Ana içeriğe atla

Yufkalı Tavuk, Coleslaw Salata

Dün akşam yine uzun zamandır yapmadığım spesyallerimden birini yaptım. Bu tarifi yine biryerlerde görüp denedikten ve çokça yaptıktan sonra kendime has ilavelerle baştan yaratılmış olan bir yemek. Adını hatırlamıyorum, kendime özel bir isim uydurmak isterdim ama Google aramalarında bulunması için basit bir isim seçmem gerektiğini düşündüm. Sonuçta insanlar adını bilmediği bir yemeği arayamazlar. Bende yufkalı tavuk dedim.

Yufkalı Tavuk


Bu tarifi birgün okulda hocalarıma yapmıştım (okulda bir küçük fırınımız var malzemeleri önceden hazırlayıp orda sadece pişirdim). Hepsi çok beğendi ve biri "sanki lüks bir lokantanın spesiyal yemeğini yedim" dedi. Gerçekten hem akşam yemeklerine hem de çay saatlerine giden bir tarif. Ne börek ne yemek.



Yemeğin orjinalinde üzerindeki domates sosu yoktu, bu haliyle daha kuru olduğu için ana yemek değil de pilav ya da makarna gibi ikinci bir yemek oluyordu. Ben de sosla biraz sulandırmayı düşündüm ve gerçekten ilk kez denememe rağmen orjinalinden daha iyi oldu.

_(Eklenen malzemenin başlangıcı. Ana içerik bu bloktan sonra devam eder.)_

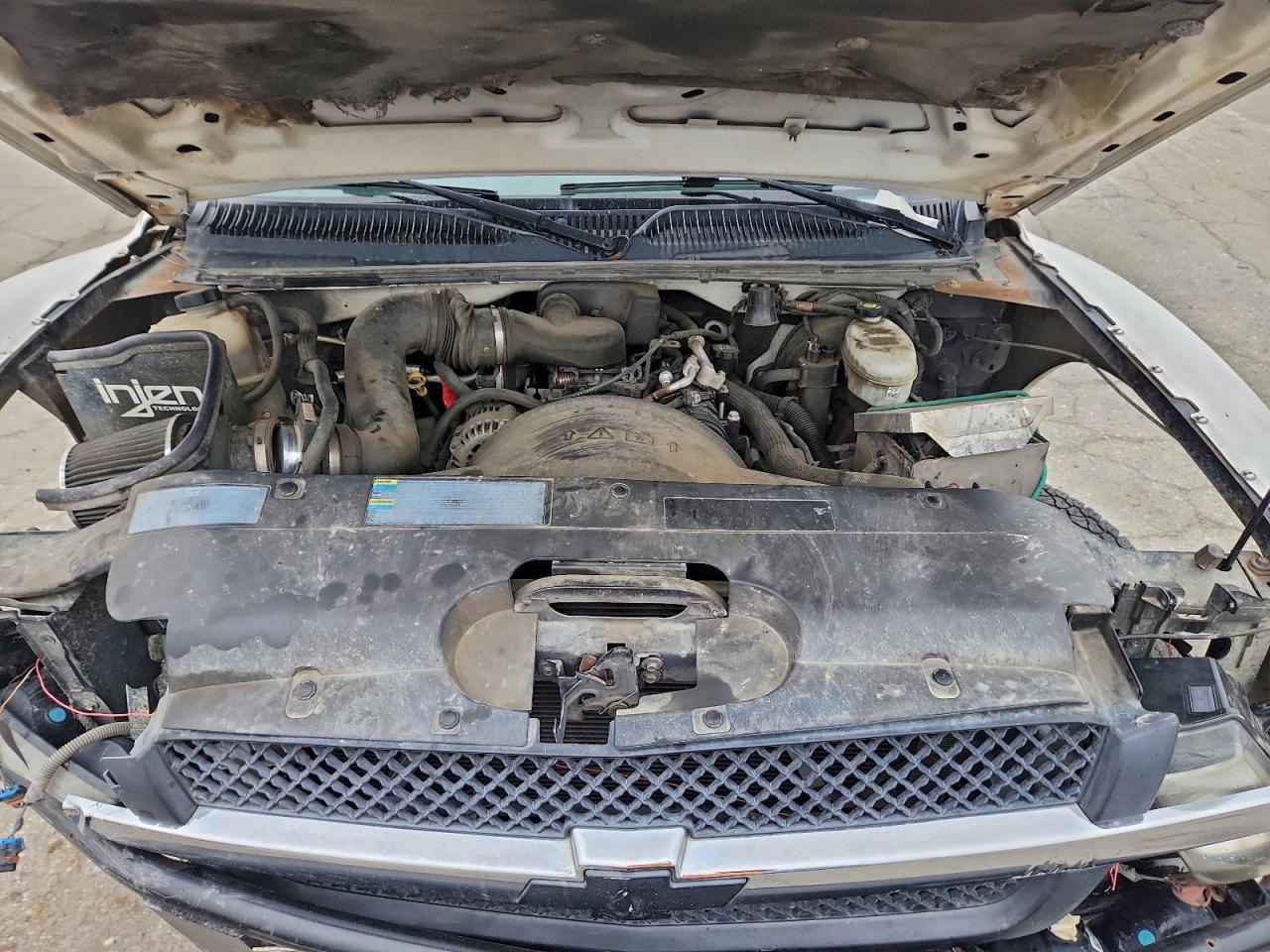 2003 CHEVROLET SILVERADO C1500 photo 11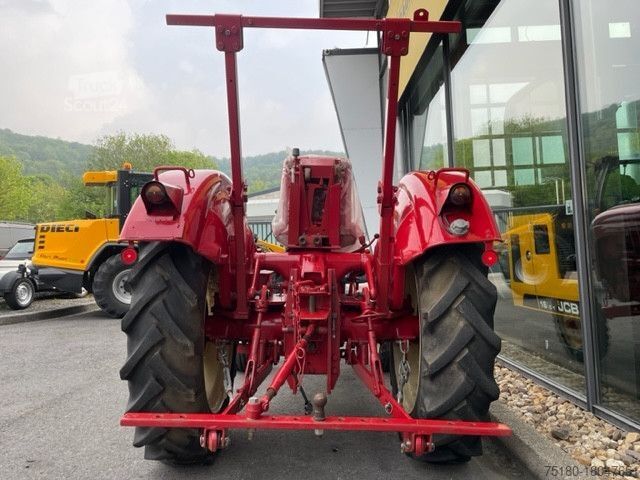 Traktor PORSCHE Super Diesel F329  Traktor Schlepper Oldtimer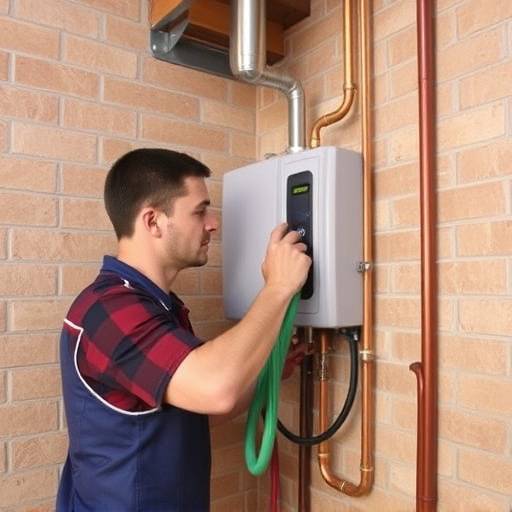Arlington Tankless Water Heater Repair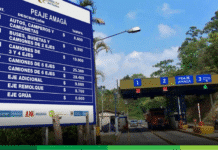 Municipios del Suroeste siguen a la espera de la tarifa diferencial en el peaje de Amagá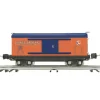 Lionel 11-70020 Boxcar No.2814 cream/blue - Your Source for Gaming Essentials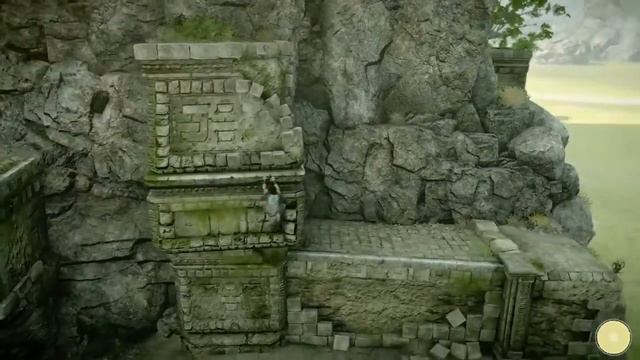 Shadow of Colossus|premier COLOSSE| смотреть онлайн
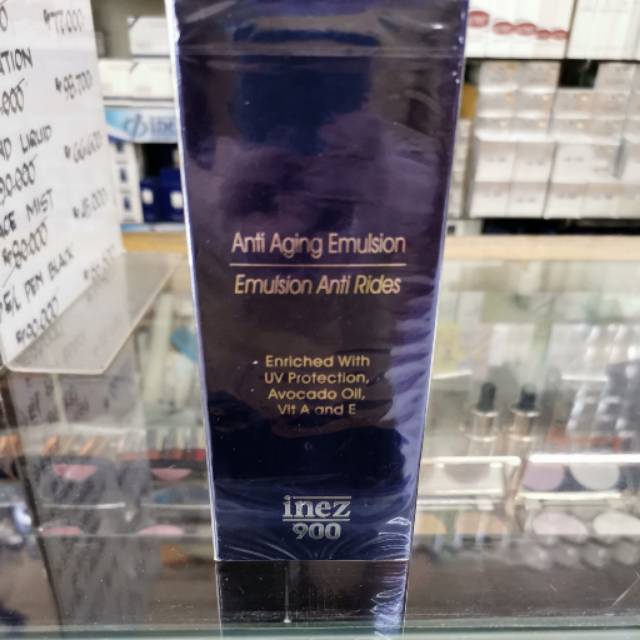 Inez Anti Aging Emulsion 30gr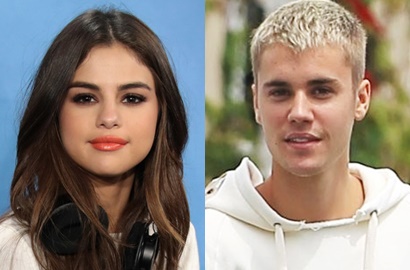 Selena Gomez Diam-Diam Bertemu Justin Bieber di Acara Gereja, Ini Buktinya
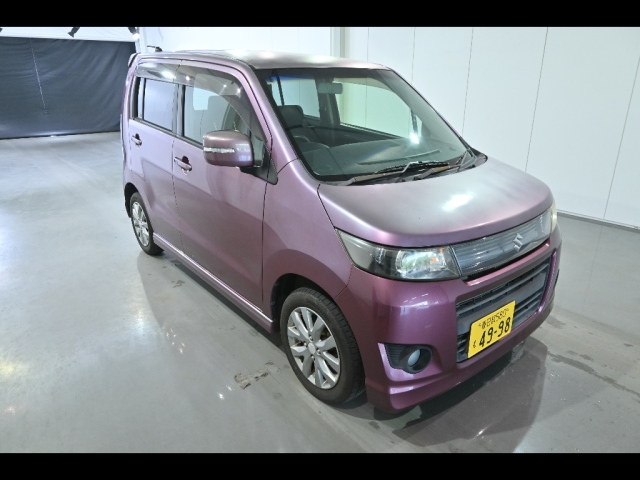 SUZUKI WAGON — фото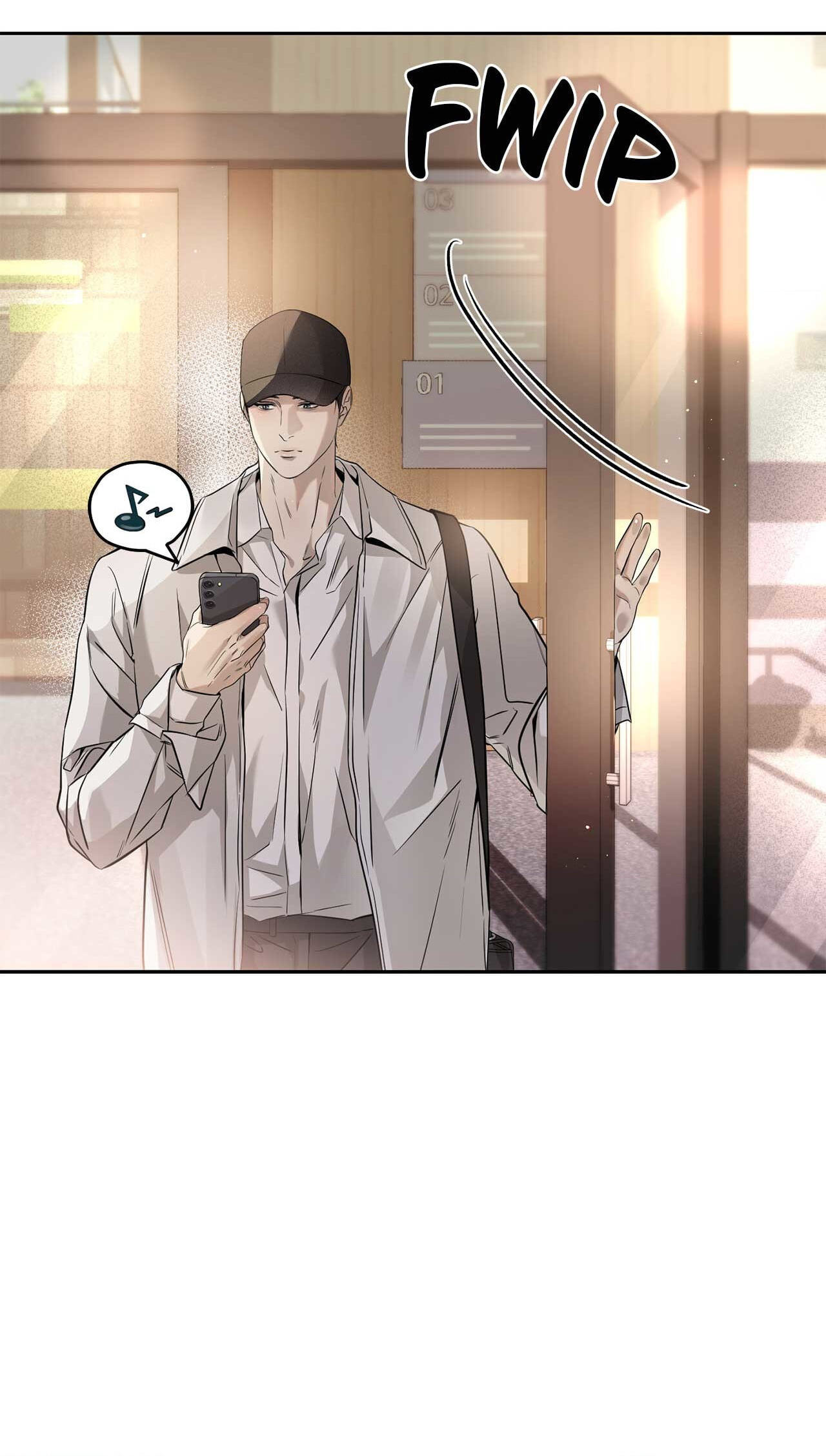 Read Dear Stranger (minggur) chapter 19 image 47 on Lezhin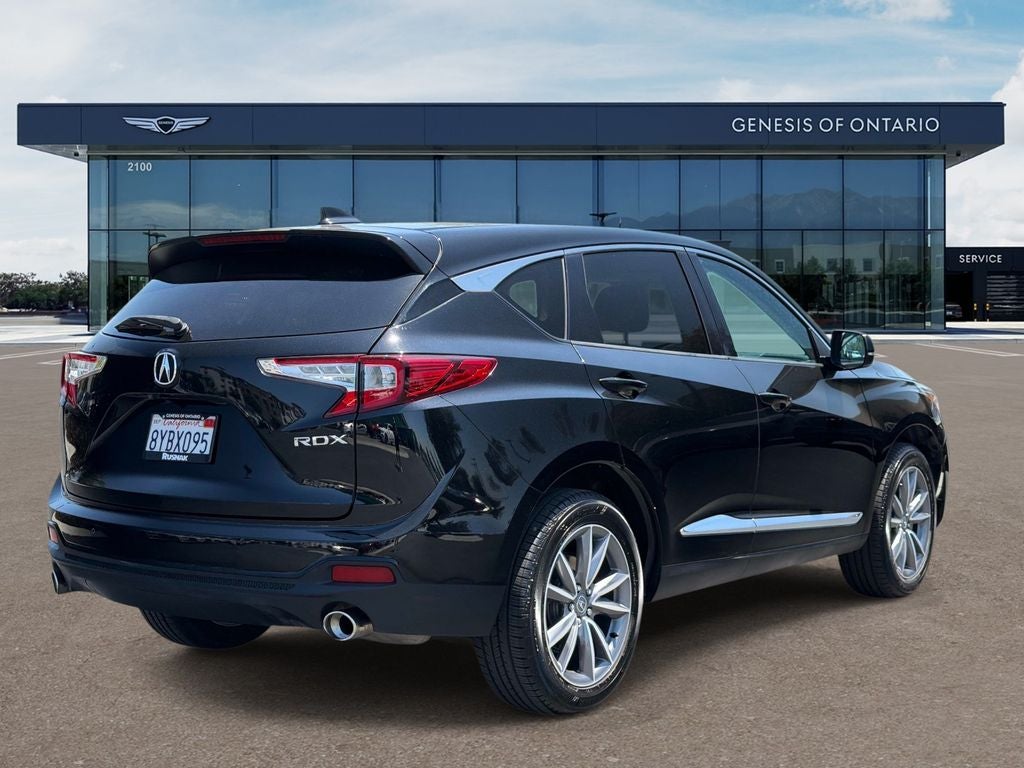 2021 Acura RDX Technology Package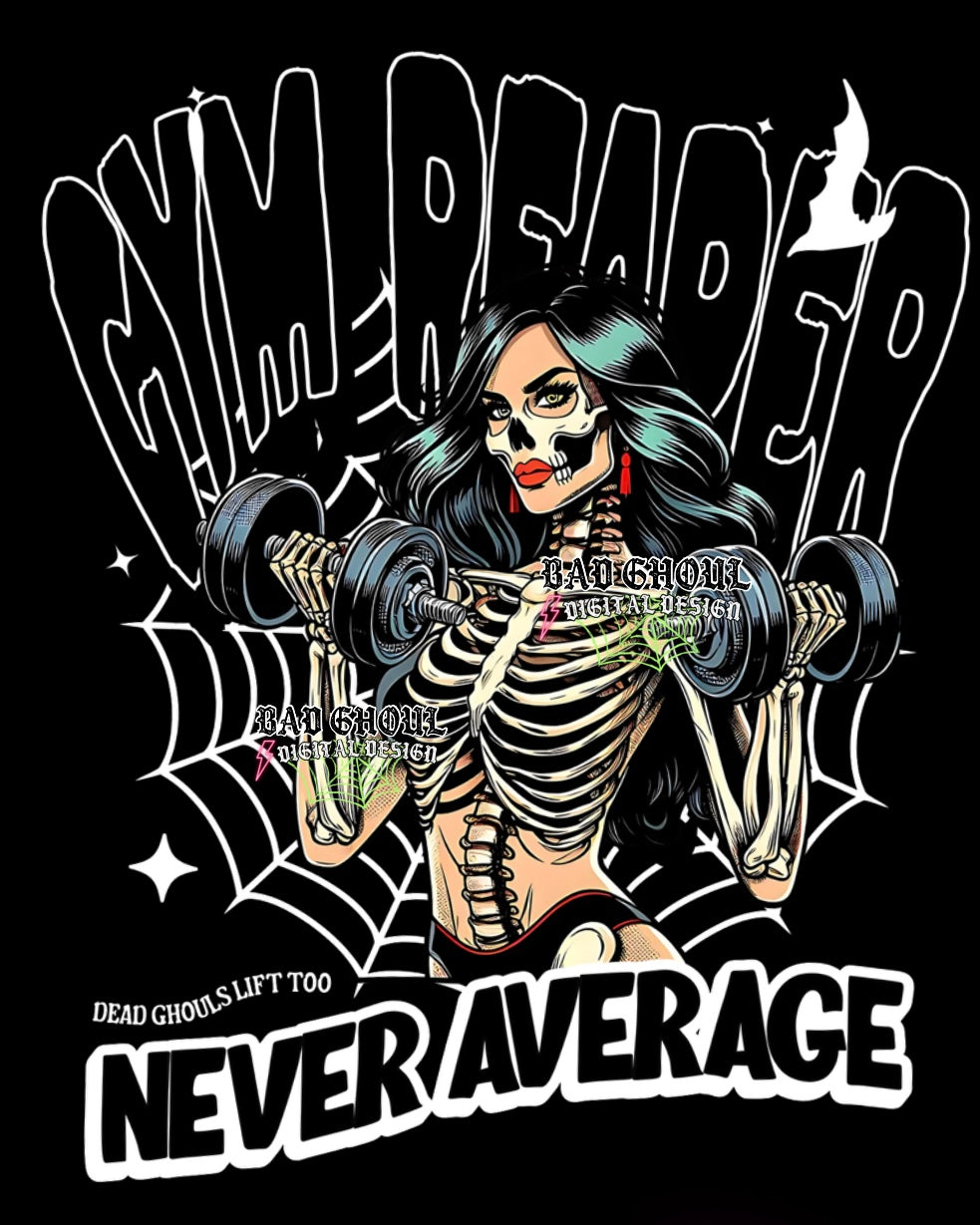 Gym Reaper PNG Download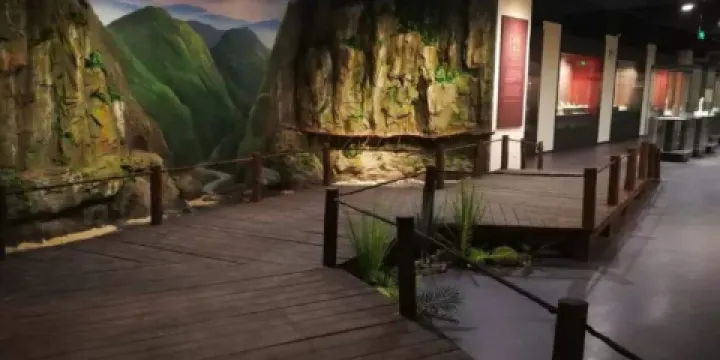 秦嶺佛坪博物館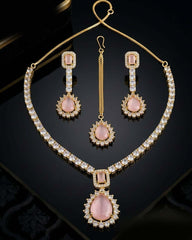 Seraphina AD Necklace Set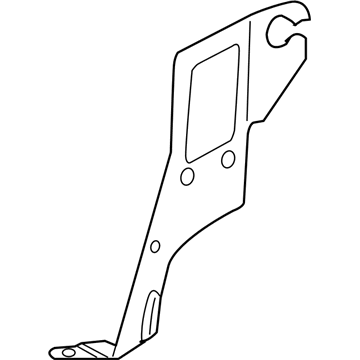 Ford F85Z-9C736-AA Bracket - Servo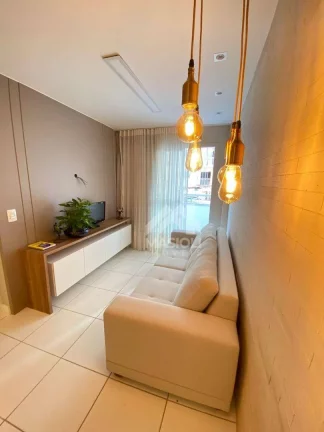 Imagem Apartamento com 2 dormitórios à venda, 50 m² por R$ 402.900,00 - Ataíde - Vila Velha/ES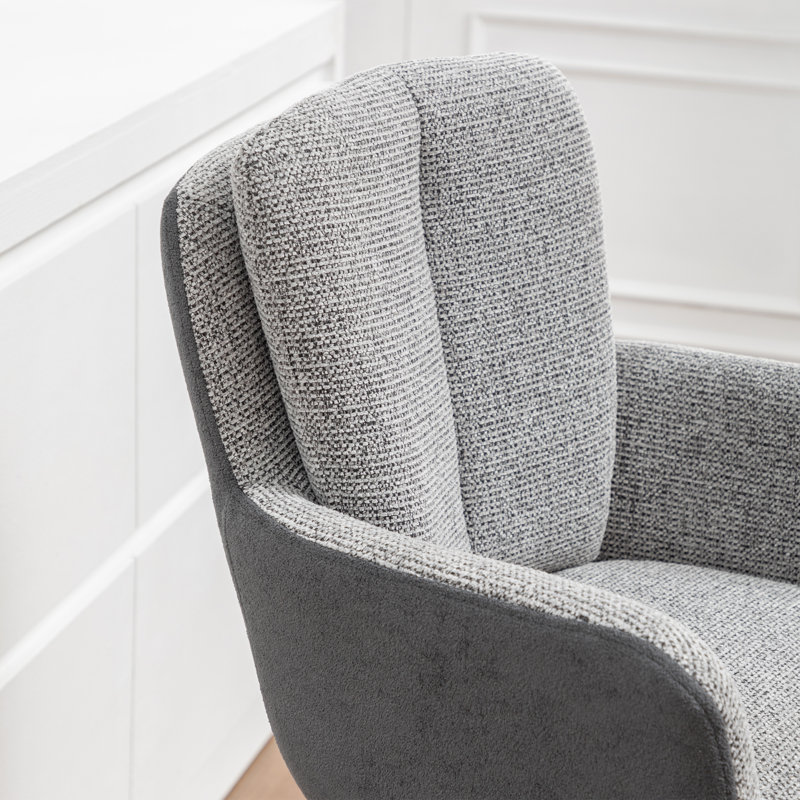 Counter Stool, Light Grey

Yemeğin harcı için garnitür ve mantarı biraz salça ile az yağda kavuruyorum. İçine tuz, kekik, biraz karabiber ve fesleğen ekleyip kapağı açık şekilde pişmeye bırakıyorum. Bu baharatları damak zevkinize göre değiştirebilirsiniz. Benim kullandığım baharatlarla akdeniz mutfağına yakın bir lezzet oldu, isterseniz fesleğen koymadan acı biber ve pul biber ekleyip doğu mutfağına yakın yapabilirsiniz. Size kalmış.
Daha sonra tavuk filetoyu ince ince kesiyorum. Ben 4 porsiyon için bir göğüsün yarısını kullandım (kemiksiz göğüs aldığımızda kalp gibi iki parça oluyor, yarısı 4 adet için yeterli oldu). İsterseniz tavukları inceltmek için dövebilirsiniz ben dövmüyorum uğraşmak zor geliyor.
Resimde görüldüğü gibi bir kasenin içine yufkanın 4'te 1'ini koyup önce tavuğu, sonra resimde görülen burger peynirini kasenin tabanını ve duvarlarını kaplayacak şekilde döşüyorum. Sonrasında harcı koyup yufkaları kapatıp tepsiye ters şekilde bırakıyorum.
 

Burger peyniri orjinal tarifte yoktu, ilk denememde bunun içine peynir koymalıyım diye düşündüm, evde de bunlardan vardı. Denedim ve muhteşem oldu. Daha sonra kaşar peyniri ile de denedim aynı şekilde olmasa da o da güzel oluyor.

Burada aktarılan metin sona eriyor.